Here, for the first time, we report synthesis of 1,10-phenanthroline-5,6-diimine (Phendiimine) based on an acid catalysed SN₂ reaction of 1,10-phenanthroline-5,6-dione and 2-picolylamine in EtOH as a solvent. The synthesized Phendiimine molecule showed excellent photo-sensitivity against visible light, together with photoluminescence in both water and ethanol and also, it showed electrochemical activity with Fe electrode in ethanol and H₂SO₄ solution. Tauc plot also showed Phendiimine is a direct band-gap semiconductor. The hot-point probe test also showed that it is a n-type semiconductor. The UV–vis. absorption maximum shift in two solvents (water and ethanol) demonstrates the solvatochromism behavior of the molecule. The practical significance of this work and its guiding implication for future related research can be outlined as follows. Based on the results obtained, it appears that the Phendiimine molecule could revolutionize the medical field, potentially in the design of artificial eyes, increasing the yield of photovoltaic cells through enhanced heat transfer, improving computers and industrial photo-cooling systems, serving as photo-controller in place of piezoelectric devices, functioning as electronic opt couplers, controlling remote lasers, changing convection in photothermal heaters, designing miniaturized real photo-stimulated motors, creating photo or thermal switches through spin crossover complexes, developing electronic light-dependent resistance (LDR) devices, constructing X-ray and gamma-ray detectors, designing intelligent clothing, creating photo dynamic tumour therapy (PDT) complexes, singlet fission materials in solar cells and more.

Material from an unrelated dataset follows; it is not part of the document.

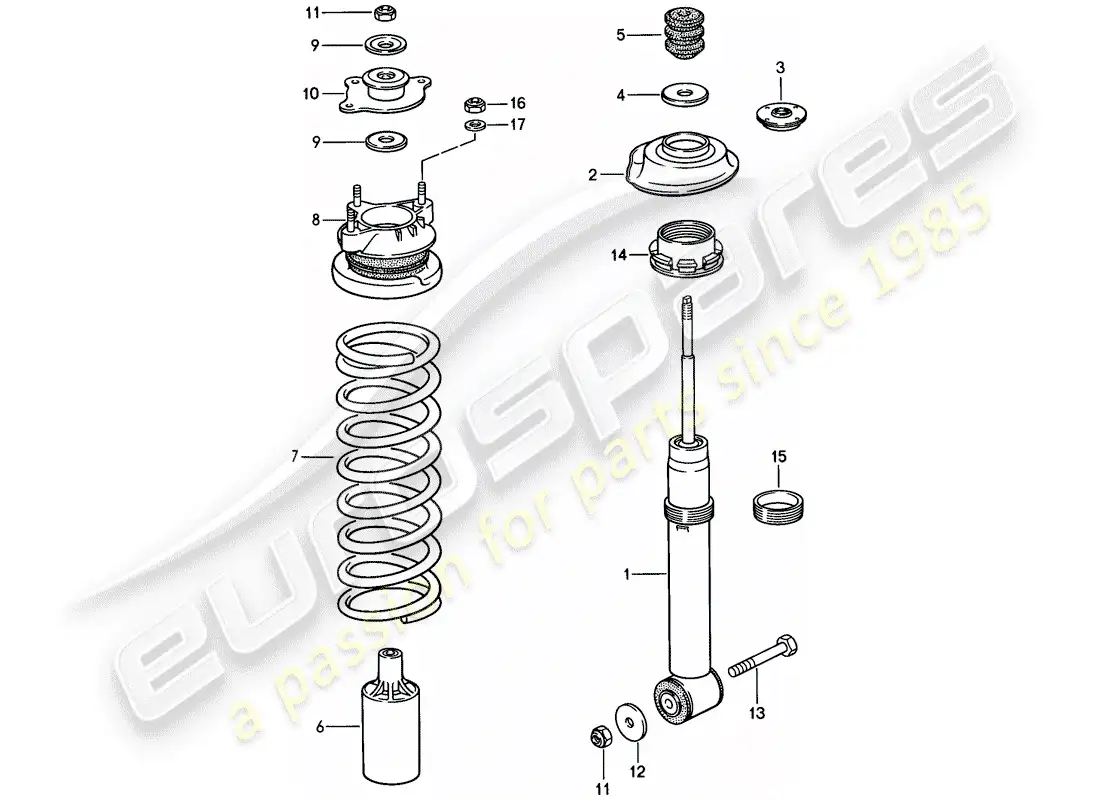 porsche 1984 (928) suspensión - eje delantero - f 92-es840 219>> - f 92-es849 567>> - d >> - mj 1985 diagrama de piezas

在此，我们首次报道了基于 1,10-菲咯啉-5,6-二亚胺 (Phendiimine) 的酸催化 SN ₂反应合成 1,10-菲咯啉-5,6-二亚胺(Phendiimine)。乙醇作为溶剂。合成的苯二亚胺分子对可见光表现出优异的光敏性，在水和乙醇中均表现出光致发光性，并且在乙醇和H ₂ SO ₄溶液中与Fe电极表现出电化学活性。 Tauc 图还显示苯丙亚胺是一种直接带隙半导体。热点探针测试也表明它是n型半导体。紫外可见分光光度计。两种溶剂（水和乙醇）中的吸收最大位移表明了分子的溶剂化变色行为。本文工作的现实意义及其对未来相关研究的指导意义可概括如下。根据所获得的结果，苯丙二胺分子似乎可以彻底改变医学领域，可能在人造眼的设计中，通过增强传热来提高光伏电池的产量，改进计算机和工业光冷却系统，充当光致变色系统。控制器代替压电器件，用作电子光耦合器，控制远程激光器，改变光热加热器中的对流，设计微型真实光刺激电机，通过自旋交叉复合体创建光或热开关，开发电子光敏电阻（LDR）设备、构建 X 射线和伽马射线探测器、设计智能服装、创建光动力肿瘤治疗 (PDT) 复合物、太阳能电池中的单线态裂变材料等等。